Data under study: Begin

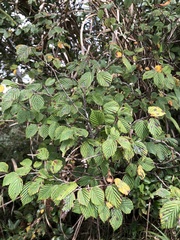 Corylopsis pauciflora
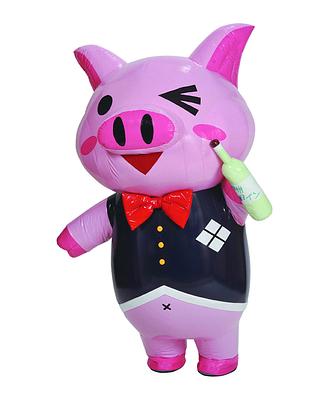 ナムキャラ応援団　山梨県担当団員　トントンちゃんの画像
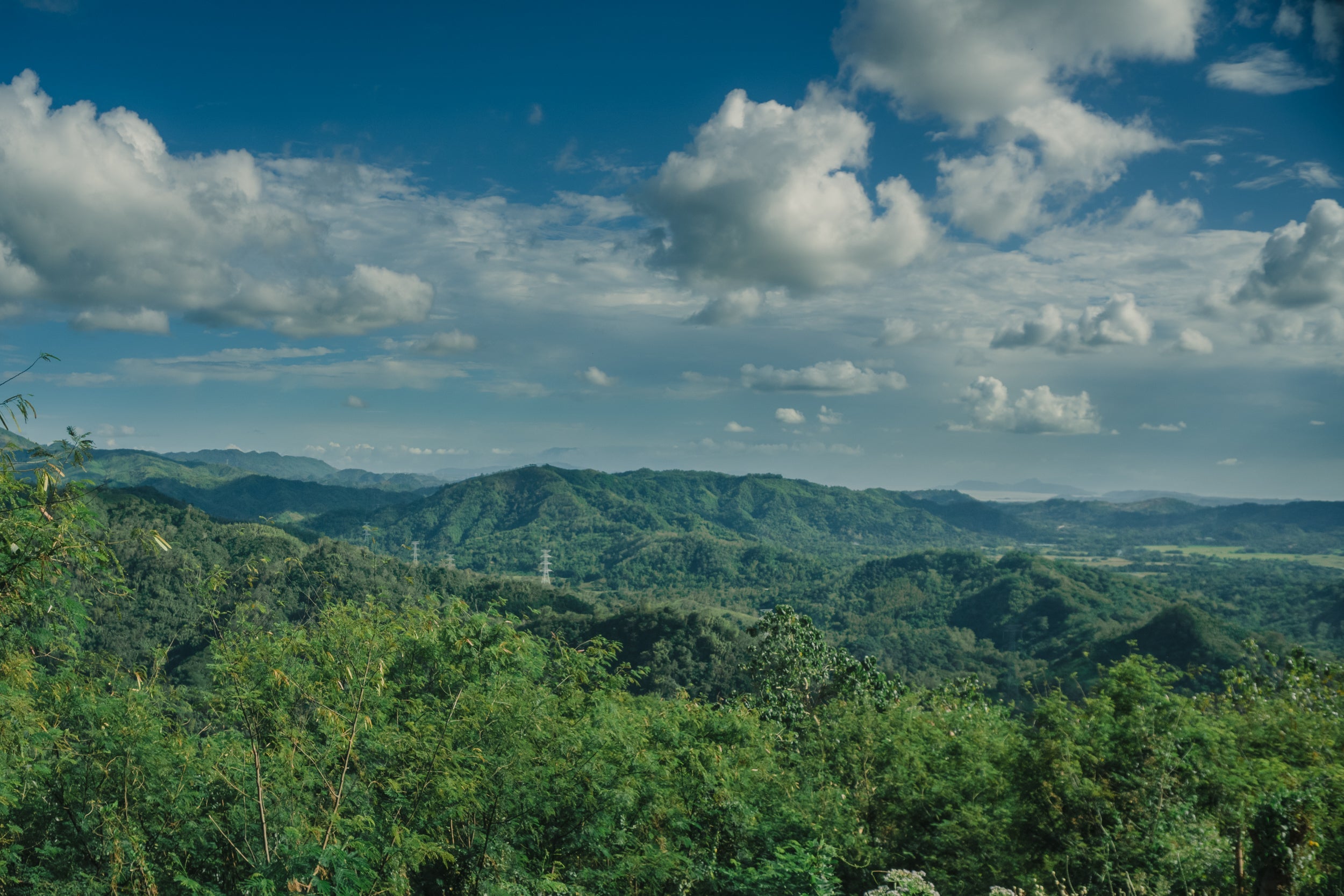 Hikes and Harmony: Tree Nurturing with MAD Travel & MPNR Foundation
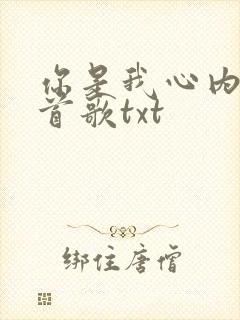 你是我心内的一首歌txt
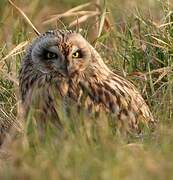 Hibou des marais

Data under study: End

● Task prompt
Transcribe the records in full and exactly. Pictures stay out.

● Finished exercise
 Corylopsis pauciflora
 ナムキャラ応援団　山梨県担当団員　トントンちゃんの画像
 Hikes and Harmony: Tree Nurturing with MAD Travel & MPNR Foundation
 你是我心内的一首歌txt
 Hibou des marais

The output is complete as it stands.